The chart is published as an OCI artifact to GitHub Container Registry.

helm install sentry oci://ghcr.io/sprisa/sentry-k8s \
  --namespace sentry --create-namespace \
  --set sentry.system.url=https://sentry.example.com \
  --set user.email=admin@example.com \
  --set user.password=changeme-please \
  --set global.storageClass=longhorn

Browse available versions: helm show chart oci://ghcr.io/sprisa/sentry-k8s.

Use a profile preset (recommended over --set for anything non-trivial):

curl -fsSLO https://raw.githubusercontent.com/sprisa/sentry-k8s/main/examples/values-feature-complete.yaml
helm install sentry oci://ghcr.io/sprisa/sentry-k8s \
  -n sentry --create-namespace -f values-feature-complete.yaml

Pulumi / Terraform consume the same OCI URL directly — see Using it from Pulumi and Using it from Terraform.

The bootstrap Job runs migrations with no hooks. On a fresh install some app pods may restart a few times until it finishes — this is expected (see Initialization without Helm hooks).

Reach the UI through the bundled nginx proxy:

kubectl -n sentry port-forward svc/sentry-nginx 8080:80
# open http://localhost:8080

Point your own Ingress / Contour HTTPProxy / load balancer at the sentry-nginx Service (port 80).

Presets (example values)

Every component is gated by its own enabled flag, and the files in examples/ are ready-made presets that toggle those flags for you. The chart defaults are the errors-only set.

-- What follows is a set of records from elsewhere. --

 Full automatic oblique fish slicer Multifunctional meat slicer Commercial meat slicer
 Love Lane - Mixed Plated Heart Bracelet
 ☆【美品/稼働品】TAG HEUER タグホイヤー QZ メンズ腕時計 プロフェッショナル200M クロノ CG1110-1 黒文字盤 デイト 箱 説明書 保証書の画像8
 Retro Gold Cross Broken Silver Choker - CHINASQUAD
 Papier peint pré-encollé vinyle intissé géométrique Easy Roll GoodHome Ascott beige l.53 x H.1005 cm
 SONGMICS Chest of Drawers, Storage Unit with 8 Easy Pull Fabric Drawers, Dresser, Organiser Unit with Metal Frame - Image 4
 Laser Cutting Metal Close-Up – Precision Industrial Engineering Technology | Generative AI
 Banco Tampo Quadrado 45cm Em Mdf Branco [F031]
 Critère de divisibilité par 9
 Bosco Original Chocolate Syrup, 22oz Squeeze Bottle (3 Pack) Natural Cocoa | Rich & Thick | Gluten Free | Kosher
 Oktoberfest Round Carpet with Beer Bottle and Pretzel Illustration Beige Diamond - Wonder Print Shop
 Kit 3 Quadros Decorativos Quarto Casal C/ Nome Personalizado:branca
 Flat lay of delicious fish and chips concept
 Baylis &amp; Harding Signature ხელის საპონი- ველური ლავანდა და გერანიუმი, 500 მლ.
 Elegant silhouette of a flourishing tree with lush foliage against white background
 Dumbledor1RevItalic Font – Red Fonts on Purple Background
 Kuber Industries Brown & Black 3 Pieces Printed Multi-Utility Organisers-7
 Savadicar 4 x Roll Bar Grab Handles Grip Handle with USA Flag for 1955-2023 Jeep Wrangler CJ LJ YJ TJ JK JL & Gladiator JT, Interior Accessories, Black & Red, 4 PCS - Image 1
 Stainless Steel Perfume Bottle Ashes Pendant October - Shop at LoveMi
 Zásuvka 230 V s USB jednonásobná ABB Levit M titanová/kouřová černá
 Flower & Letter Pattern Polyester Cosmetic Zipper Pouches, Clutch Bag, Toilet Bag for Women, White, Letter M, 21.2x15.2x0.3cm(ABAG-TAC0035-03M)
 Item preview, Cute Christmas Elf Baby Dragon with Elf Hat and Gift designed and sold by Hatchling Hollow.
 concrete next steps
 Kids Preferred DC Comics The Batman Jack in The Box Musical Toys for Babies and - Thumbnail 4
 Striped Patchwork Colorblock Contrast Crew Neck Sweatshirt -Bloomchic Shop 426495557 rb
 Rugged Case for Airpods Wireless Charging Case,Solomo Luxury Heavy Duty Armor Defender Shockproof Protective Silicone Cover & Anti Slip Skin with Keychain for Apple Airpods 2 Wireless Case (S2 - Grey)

Preset What runs Example values
Errors only (default, lightweight) Error tracking: web, relay, snuba errors/outcomes, taskbroker, ingest-events/attachments, cleanup examples/values-errors-only.yaml
Errors + transactions Adds the performance/tracing pipeline examples/values-errors-transactions.yaml
Feature complete Full parity: replays, metrics, profiling, EAP, monitors, uptime, spans, launchpad, vroom examples/values-feature-complete.yaml
helm install sentry oci://ghcr.io/sprisa/sentry-k8s \
  -n sentry --create-namespace -f examples/values-errors-transactions.yaml

To build errors + transactions on top of the defaults, surface the performance product (sentry.selfHostedErrorsOnly: false) and turn on just the transaction-path components:

sentry:
  selfHostedErrorsOnly: false   # show the performance/transactions UI
  transactions: { enabled: true }
  postProcessForwarderTransactions: { enabled: true }
  subscriptionConsumerTransactions: { enabled: true }
snuba:
  transactionsConsumer: { enabled: true }
  subscriptionConsumerTransactions: { enabled: true }

sentry.selfHostedErrorsOnly maps directly to Sentry's SENTRY_SELF_HOSTED_ERRORS_ONLY setting: true (default) hides the performance/replays/etc. product surfaces; set it false once you enable those pipelines.

ClickHouse: single-node vs HA

Single-node is the default and needs nothing extra. For larger deployments, set the layout and the chart auto-enables ClickHouse Keeper, templates remote_servers + macros into config.xml, and switches Snuba to clustered mode:

clickhouse:
  layout:
    shardsCount: 2
    replicasCount: 2
  clusterName: sentry
  keeper:
    enabled: true       # auto-on when shards/replicas > 1
    replicaCount: 3

Tuning maps cleanly onto ClickHouse config:

clickhouse:
  settings:                                   # -> config.xml (server level)
    max_server_memory_usage_to_ram_ratio: "0.75"
  profiles:                                   # -> users.xml (per-profile)
    default/max_memory_usage: "8589934592"
    default/max_bytes_before_external_group_by: "6442450944"
    default/max_bytes_before_external_sort: "6442450944"

To bring your own ClickHouse instead, set clickhouse.enabled: false and fill in externalClickhouse.*.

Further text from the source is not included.